» **TO DO**: Among the entries below, copy every line that carries the word "Neon".

[Records drawn from a dataset]
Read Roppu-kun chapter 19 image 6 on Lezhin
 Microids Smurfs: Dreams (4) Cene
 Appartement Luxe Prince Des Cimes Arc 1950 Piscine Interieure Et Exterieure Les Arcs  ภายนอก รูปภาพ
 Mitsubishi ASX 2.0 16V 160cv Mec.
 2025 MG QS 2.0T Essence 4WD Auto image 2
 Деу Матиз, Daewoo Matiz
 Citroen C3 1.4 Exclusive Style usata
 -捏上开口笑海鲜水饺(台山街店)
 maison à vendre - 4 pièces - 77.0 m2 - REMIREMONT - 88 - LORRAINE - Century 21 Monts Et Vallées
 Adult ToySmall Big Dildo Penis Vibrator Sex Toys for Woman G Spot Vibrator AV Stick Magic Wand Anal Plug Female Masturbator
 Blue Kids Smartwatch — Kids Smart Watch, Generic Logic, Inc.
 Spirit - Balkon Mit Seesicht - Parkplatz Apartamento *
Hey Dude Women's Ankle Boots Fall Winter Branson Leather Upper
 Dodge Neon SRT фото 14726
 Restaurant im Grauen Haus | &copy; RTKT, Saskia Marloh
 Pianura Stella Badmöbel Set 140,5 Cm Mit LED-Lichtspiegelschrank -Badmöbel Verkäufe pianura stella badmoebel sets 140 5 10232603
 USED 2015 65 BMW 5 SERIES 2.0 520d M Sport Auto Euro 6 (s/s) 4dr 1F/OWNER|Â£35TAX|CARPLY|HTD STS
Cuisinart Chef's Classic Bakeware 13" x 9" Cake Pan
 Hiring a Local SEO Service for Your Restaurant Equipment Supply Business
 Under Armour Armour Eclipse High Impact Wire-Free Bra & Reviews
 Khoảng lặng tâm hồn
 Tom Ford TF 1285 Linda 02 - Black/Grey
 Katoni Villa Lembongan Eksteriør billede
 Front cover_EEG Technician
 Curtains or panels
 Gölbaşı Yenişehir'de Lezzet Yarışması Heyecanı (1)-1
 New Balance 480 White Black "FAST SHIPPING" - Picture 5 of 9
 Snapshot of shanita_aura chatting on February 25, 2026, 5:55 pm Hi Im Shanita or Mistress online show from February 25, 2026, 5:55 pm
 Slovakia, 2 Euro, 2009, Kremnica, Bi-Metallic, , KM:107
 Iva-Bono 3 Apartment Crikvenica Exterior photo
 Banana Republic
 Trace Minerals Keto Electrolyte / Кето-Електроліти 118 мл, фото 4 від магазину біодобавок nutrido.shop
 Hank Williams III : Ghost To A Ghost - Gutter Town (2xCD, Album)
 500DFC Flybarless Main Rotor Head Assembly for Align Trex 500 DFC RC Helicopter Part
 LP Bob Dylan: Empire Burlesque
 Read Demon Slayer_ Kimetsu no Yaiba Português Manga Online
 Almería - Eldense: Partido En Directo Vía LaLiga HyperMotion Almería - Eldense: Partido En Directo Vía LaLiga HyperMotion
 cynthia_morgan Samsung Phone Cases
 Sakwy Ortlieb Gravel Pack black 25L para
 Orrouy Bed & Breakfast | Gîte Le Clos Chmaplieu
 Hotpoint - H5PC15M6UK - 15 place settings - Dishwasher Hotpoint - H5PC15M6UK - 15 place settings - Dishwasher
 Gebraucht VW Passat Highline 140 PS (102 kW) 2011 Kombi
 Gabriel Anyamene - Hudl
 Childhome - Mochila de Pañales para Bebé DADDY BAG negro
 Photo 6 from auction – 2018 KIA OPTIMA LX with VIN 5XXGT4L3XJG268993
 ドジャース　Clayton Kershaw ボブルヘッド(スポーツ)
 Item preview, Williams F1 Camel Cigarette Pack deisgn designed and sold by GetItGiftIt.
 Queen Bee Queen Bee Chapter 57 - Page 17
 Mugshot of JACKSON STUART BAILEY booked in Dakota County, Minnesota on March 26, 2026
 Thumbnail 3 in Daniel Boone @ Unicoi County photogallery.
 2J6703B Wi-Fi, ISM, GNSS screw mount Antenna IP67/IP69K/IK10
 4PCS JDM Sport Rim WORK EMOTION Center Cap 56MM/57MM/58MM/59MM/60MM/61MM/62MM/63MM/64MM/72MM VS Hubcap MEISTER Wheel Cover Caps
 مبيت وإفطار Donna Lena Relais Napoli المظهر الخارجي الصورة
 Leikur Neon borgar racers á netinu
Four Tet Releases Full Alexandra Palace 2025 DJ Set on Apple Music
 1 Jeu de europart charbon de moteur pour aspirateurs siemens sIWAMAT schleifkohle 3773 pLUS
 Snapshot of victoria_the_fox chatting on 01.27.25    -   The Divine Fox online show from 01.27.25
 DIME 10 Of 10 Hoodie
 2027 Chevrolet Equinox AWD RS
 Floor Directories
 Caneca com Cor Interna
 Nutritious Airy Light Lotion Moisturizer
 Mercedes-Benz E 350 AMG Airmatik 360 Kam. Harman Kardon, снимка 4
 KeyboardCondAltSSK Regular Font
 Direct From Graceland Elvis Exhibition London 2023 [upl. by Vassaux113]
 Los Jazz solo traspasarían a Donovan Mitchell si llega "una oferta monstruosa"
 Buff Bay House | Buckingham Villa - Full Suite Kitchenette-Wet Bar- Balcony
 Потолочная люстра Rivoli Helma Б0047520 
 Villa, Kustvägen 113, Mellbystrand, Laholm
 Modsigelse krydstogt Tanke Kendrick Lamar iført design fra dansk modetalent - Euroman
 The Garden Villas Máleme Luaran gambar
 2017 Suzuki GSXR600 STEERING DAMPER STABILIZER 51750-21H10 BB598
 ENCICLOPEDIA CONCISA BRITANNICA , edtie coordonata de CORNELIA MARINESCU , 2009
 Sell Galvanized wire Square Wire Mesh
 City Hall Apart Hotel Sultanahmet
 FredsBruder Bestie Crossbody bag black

» **EXPECTED OUTPUT**:
 Dodge Neon SRT фото 14726
 Leikur Neon borgar racers á netinu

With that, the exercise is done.